» WHAT YOU WILL DO
For this exercise, repeat the whole listing below exactly. Leave the pictures out.

» DATA SECTION

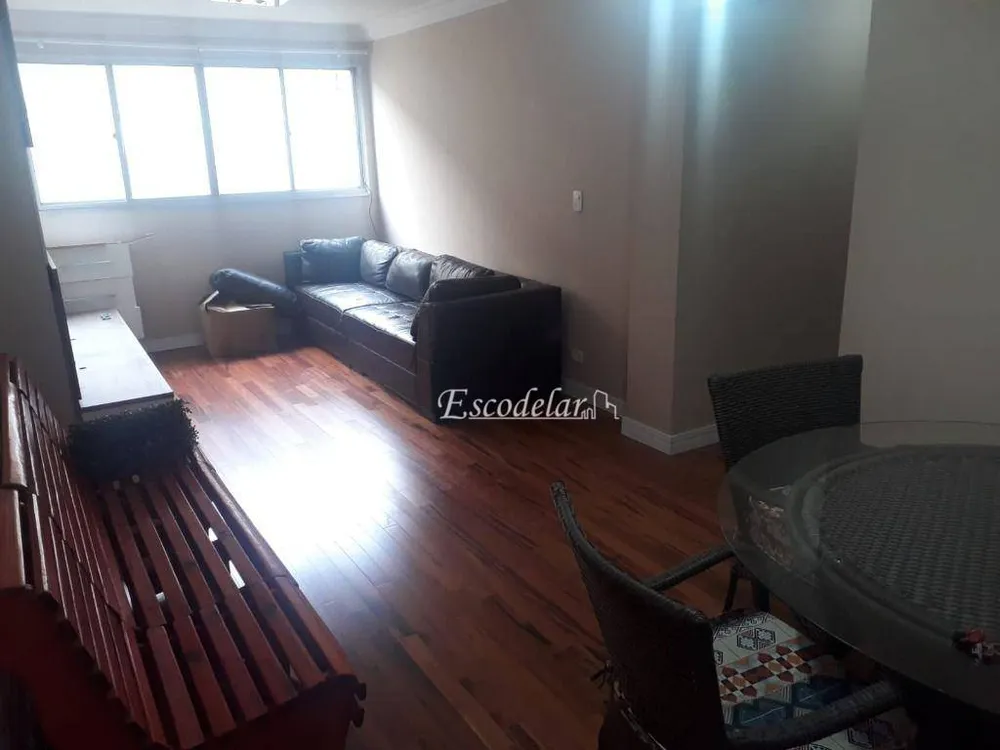 Apartamento, 3 quartos, 90 m² - Foto 4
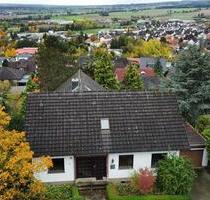 Traumhafter Blick 3-Z Dachgeschosswohnung mit Balkon am Bierberg - Dassel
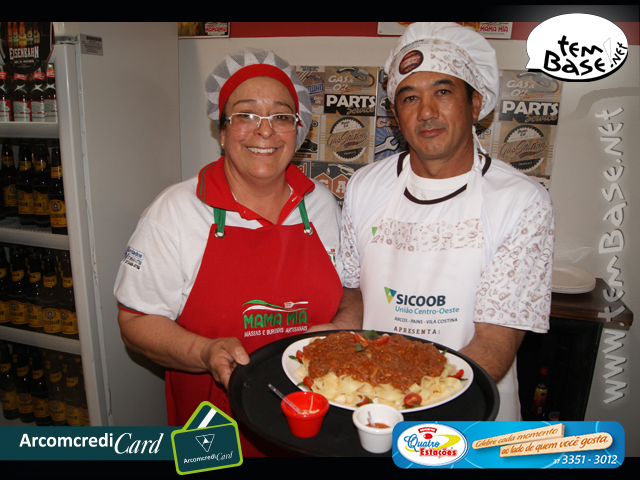 2º Festival Gastronômico e Cultural de Arcos - Dia 02
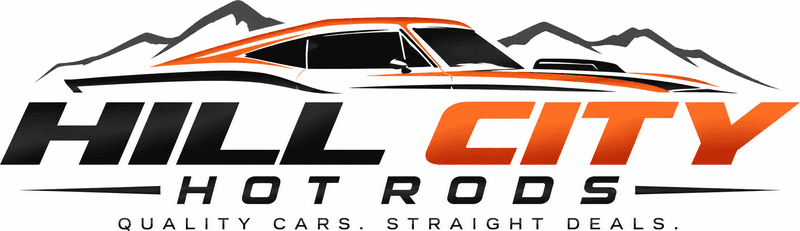 Hill City Hot Rods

» ANSWER SECTION
 Apartamento, 3 quartos, 90 m² - Foto 4
 Traumhafter Blick 3-Z Dachgeschosswohnung mit Balkon am Bierberg - Dassel
 2º Festival Gastronômico e Cultural de Arcos - Dia 02
 Hill City Hot Rods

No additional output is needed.